Stored items:
* * * * * * * * *
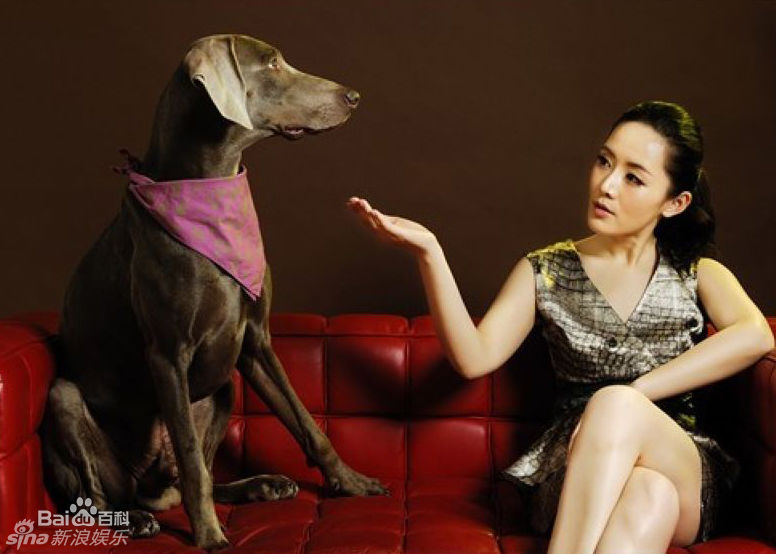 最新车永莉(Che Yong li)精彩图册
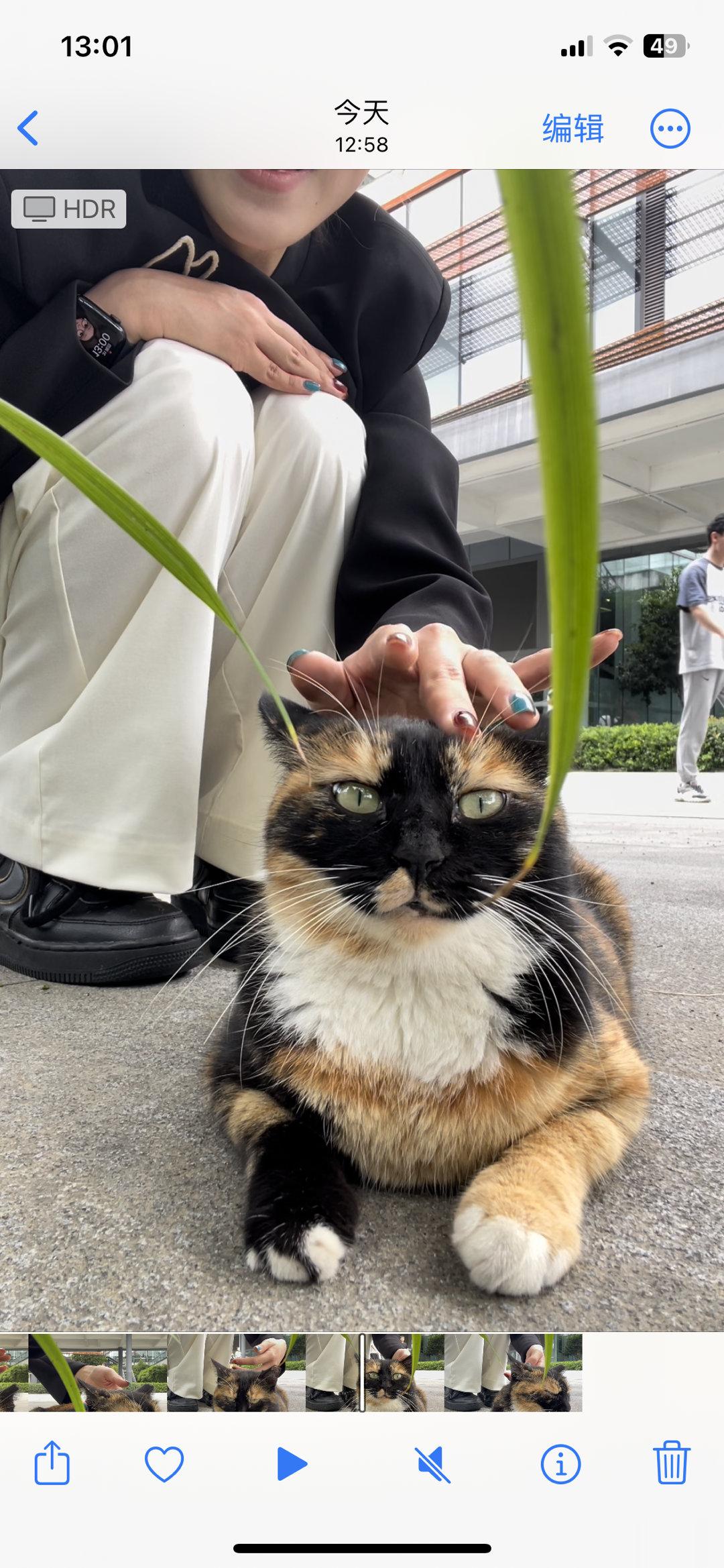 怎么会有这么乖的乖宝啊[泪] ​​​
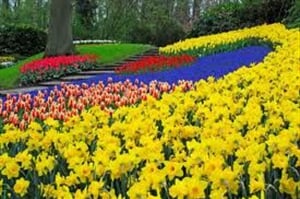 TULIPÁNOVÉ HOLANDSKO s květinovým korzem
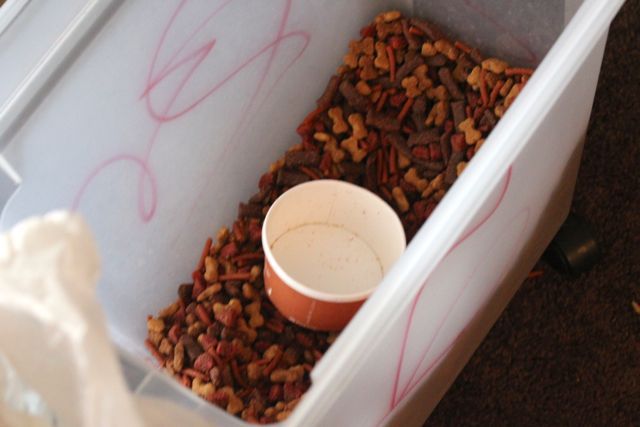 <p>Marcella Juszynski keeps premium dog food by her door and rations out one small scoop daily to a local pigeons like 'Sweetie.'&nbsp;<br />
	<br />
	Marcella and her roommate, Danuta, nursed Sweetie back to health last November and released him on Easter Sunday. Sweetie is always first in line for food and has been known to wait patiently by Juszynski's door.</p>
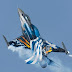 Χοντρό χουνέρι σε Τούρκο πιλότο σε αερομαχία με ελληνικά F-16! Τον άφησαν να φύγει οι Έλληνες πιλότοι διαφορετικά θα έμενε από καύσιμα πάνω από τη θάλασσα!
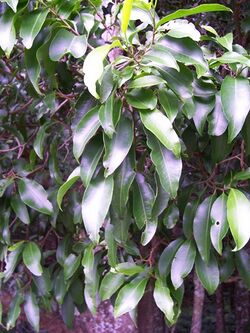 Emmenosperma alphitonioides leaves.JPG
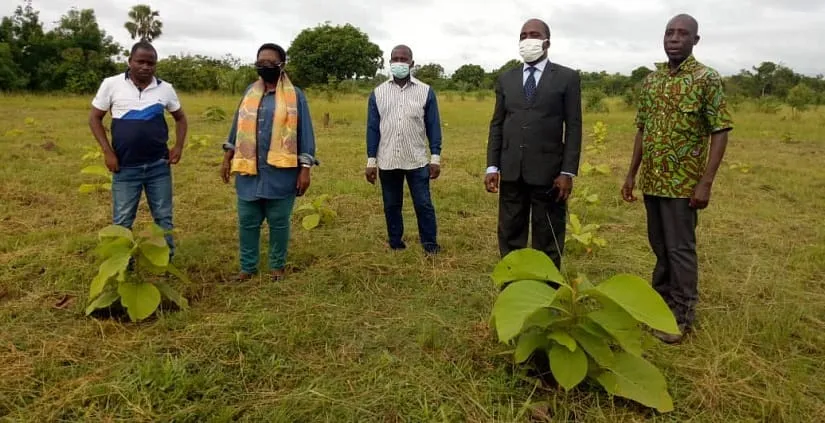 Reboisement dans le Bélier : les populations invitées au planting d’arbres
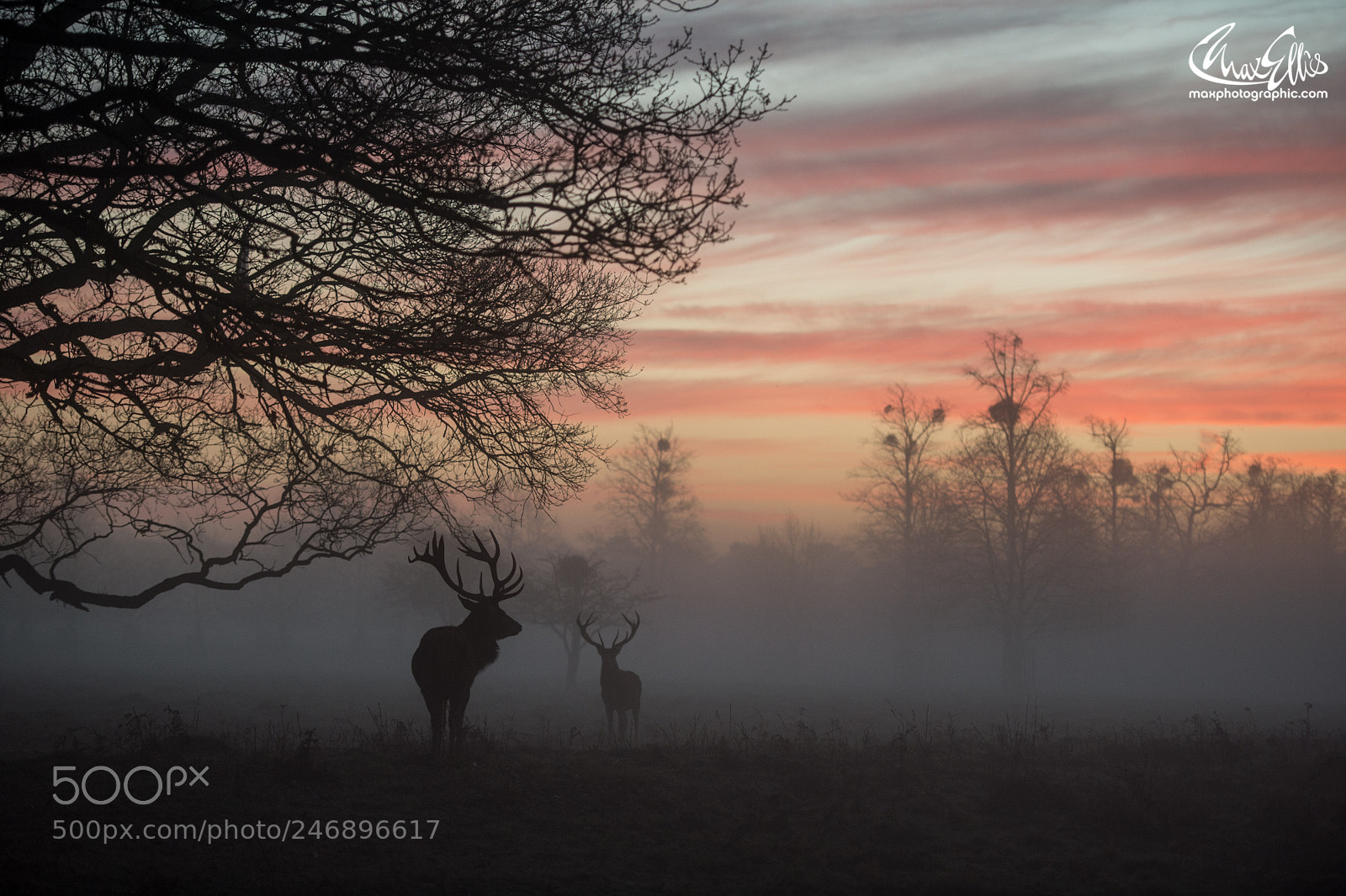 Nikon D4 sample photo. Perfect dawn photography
* * * * * * * * *
◆ **How to complete this task**
Although the entries contain pictures, reproduce only the rest, exactly as written.

◆ **Answer to this problem**
 最新车永莉(Che Yong li)精彩图册
 怎么会有这么乖的乖宝啊[泪] ​​​
 TULIPÁNOVÉ HOLANDSKO s květinovým korzem
 <p>Marcella Juszynski keeps premium dog food by her door and rations out one small scoop daily to a local pigeons like 'Sweetie.'&nbsp;<br />
	<br />
	Marcella and her roommate, Danuta, nursed Sweetie back to health last November and released him on Easter Sunday. Sweetie is always first in line for food and has been known to wait patiently by Juszynski's door.</p>
 Χοντρό χουνέρι σε Τούρκο πιλότο σε αερομαχία με ελληνικά F-16! Τον άφησαν να φύγει οι Έλληνες πιλότοι διαφορετικά θα έμενε από καύσιμα πάνω από τη θάλασσα!
 Emmenosperma alphitonioides leaves.JPG
 Reboisement dans le Bélier : les populations invitées au planting d’arbres
 Nikon D4 sample photo. Perfect dawn photography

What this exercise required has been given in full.